But his billionaire father, insurance industry legend and current Overstock chairman John "Jack" Byrne, wants his son to engage less in that holy war and more in managing of the Salt Lake City-based Internet closeout retailer Patrick founded in 1999.
Jack Byrne says he would rather step down as chairman than strain the father-son friendship with continued wrangling about how to run Overstock - and what windmills are in need of tilting.
"I have told Patrick this and mentioned it to the board," the elder Byrne says. "We will discuss the matter at our April board meeting. There are many strong business [people] on the board, anyone of whom would make a fine chairman."
Bottom line, Jack Byrne adds: "The son-father thing is getting in the way."
Maybe the Byrnes can take comfort from other father-son teams who have made it in business without tearing apart familial bonds.
"It has been a privilege and honor to have worked with my children and to build a family business," says billionaire Utah industrialist Jon Huntsman Sr. "It's been the joy of my life."
His son, Huntsman Cos. CEO Peter Huntsman - brother of Utah Gov. Jon Huntsman Jr. - echoes the sentiment, but does not deny that he and his father have periodically differed, in private, before hammering out decisions they could both accept.

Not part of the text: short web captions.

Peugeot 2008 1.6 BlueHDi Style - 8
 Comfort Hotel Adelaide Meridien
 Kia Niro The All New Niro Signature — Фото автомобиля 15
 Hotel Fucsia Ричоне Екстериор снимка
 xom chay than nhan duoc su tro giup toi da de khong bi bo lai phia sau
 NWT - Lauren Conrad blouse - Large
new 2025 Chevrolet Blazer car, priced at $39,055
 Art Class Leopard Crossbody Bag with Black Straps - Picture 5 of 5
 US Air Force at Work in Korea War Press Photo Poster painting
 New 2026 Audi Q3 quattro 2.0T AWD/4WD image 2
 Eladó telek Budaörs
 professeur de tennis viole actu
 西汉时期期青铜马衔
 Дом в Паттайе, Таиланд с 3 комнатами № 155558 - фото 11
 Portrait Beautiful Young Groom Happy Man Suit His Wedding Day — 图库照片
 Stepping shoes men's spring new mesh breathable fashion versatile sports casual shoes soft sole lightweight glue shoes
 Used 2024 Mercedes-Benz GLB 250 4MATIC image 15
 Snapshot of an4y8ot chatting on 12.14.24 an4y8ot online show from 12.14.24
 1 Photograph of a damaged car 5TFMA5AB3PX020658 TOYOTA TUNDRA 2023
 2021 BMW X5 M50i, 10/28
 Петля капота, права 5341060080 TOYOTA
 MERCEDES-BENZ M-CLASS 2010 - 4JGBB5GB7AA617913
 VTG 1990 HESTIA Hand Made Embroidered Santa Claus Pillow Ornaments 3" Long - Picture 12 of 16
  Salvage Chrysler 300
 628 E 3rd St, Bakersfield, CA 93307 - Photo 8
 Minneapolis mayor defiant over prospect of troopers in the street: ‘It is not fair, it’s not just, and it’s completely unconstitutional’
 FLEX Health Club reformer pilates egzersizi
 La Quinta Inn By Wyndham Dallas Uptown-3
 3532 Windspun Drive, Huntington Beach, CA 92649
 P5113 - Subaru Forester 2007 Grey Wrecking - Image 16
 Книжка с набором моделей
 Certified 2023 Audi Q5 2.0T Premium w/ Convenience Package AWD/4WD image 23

"You have to be able to differentiate between a boss and a father. A boss will say things that a father would not, and vice versa," he says. "The corporate world can be extremely hard and challenging. Most father-son relationships I've come across in business have failed."
Peter Huntsman adds: "If I was just a 'yes' man in this position, then I'd be the wrong man to have in this position. . . . That said, I've never forgotten whose company it is."
Joe Reger says it was rough going when he and son Joe Reger Jr. launched their Houston-based Frogfire Technologies more than a decade ago. The father-son relationship, for them, meant competition to see who would be in charge.
"Eventually, each of us learned to listen better than we ever had. That's what made it all work, when we respected each other enough to really listen," the senior Reger says.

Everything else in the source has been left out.